Por Jayro Schmidt
Nas
pesquisas que faço sobre mentes geracionais, não sei aonde anotei que os velhos
têm algum interesse pela vida porque conservam, como distração, as manias.
Manias
todos têm, o que é humano, ou melhor dizendo, somos humanos porque temos
manias. Os velhos têm a principal, que é a leitura de seus livros para trás
como se fossem crianças, que vivem no mundo às avessas. São felizes por isso,
porém se não receiam o estar encadernados entre duas capas, e olhando suas
vidas em espelhos que refletem as imagens do passado no presente que escapa
rapidamente e aumenta a certeza de que a leitura para trás não vai se
completar.
Pouco
importa o finito, assim como não importa às crianças que aprendem a ter futuro
sem querer deixar de ser o que são.
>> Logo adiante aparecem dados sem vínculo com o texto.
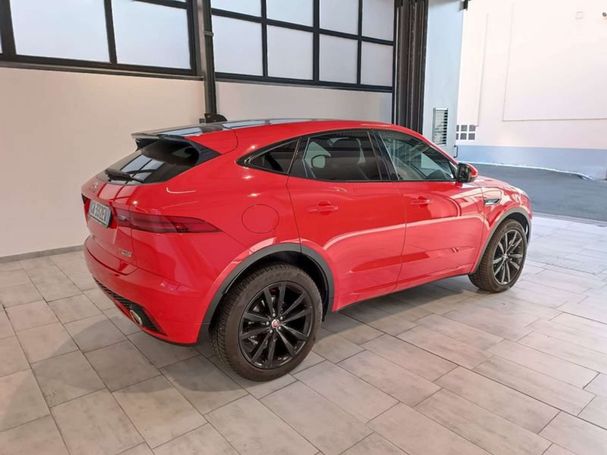 Jaguar E-Pace AWD Chequered Flag 183 kW image number 6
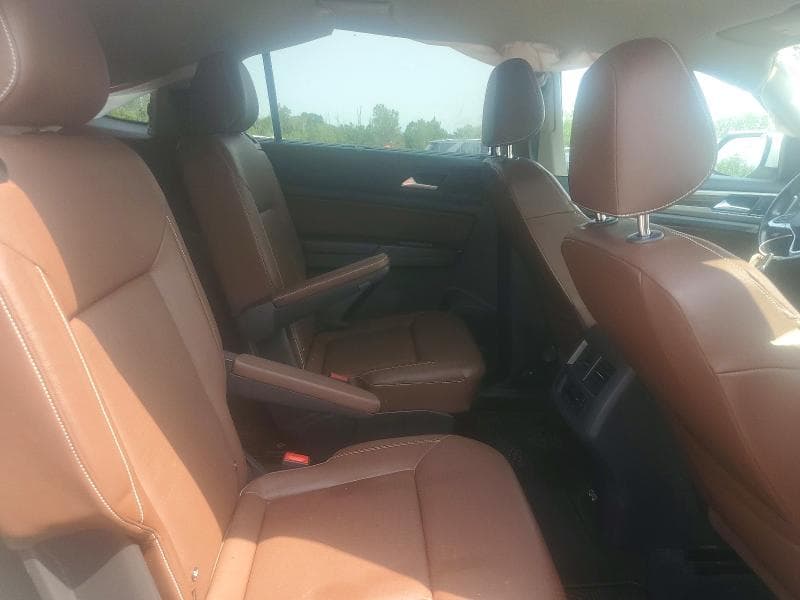2021 VOLKSWAGEN ATLAS SE 11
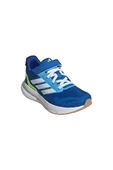 adidas Unisex Çocuk  Mavi  Koşu Ayakkabısı RUNFALCON 5 EL C JQ5610 thumbnail 6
Nem todos aprendem isso, e, pensando bem,
pouco se aprende depois que se nasce. Tempo haveria para tanto, mas o tempo é
pouco para desaprender a finitude, a formidável ilusão, inútil em muitos
sentidos. A ilusão pode ser útil, pelo menos quando é semelhante aos raios que
uma lâmpada acesa emite como se fossem barbas de gato.
Ao
repetir esse comentário em voz alta, o meu estimado gato montês pareceu querer
me dizer que barbas de felinos podem aparecer em lâmpadas apagadas. Com um
gato, como se sabe, não se discute em nenhuma circunstância. Isso aprendi em
ensaios escritos por Marcel de Montaigne, que tem costumes gatográficos e vive
numa torre interligada à sua residência, estratégia para ter um pouco de
solidão e se esquivar dos transtornos domésticos.
Ao
que parece, essa é a mania de Jean de Montaigne, viver num lugar secreto que se
alcança por um corredor subterrâneo, se bem que isso ele não necessita porque
não é incomodado pela mulher, que sabe que um longo casamento precisa de duas
torres, uma que existe e outra que se imagina.
Os
detalhes no interior de uma torre são os de todas as torres, mas a de Michel de
Montaigne é a do estudo de uma lâmpada que emite raios mesmo apagada, o que
lembra meu irmão mais velho, o único que tenho e que durante as férias, depois
de passear pela cidade visitando redações de jornais, comprando livros,
gravatas e camisas, voltava radiante para casa que, naquele tempo, as lâmpadas
eram apagadas cedo, pois cedo era o dia seguinte e todos tinham que ir para a
cama.
Apesar
de não saber o significado de seu nome, Ivan, ele sempre me lembra o nome de
quem se acomoda na cama, acende uma vela para ler até tarde da noite. Na época
eu ainda não sabia ler, mas agora, lendo meu livro para trás, sei que lia
barbas de gato nas chamas ao ver sua imagem semelhante à de um anjo sob a luz
fraca da vela.
Qualquer
dia escreverei um conto sobre essa vela acesa, que sempre está acesa na mente
de crianças, jovens e velhos que sabem que ler exige apenas um lugar sossegado.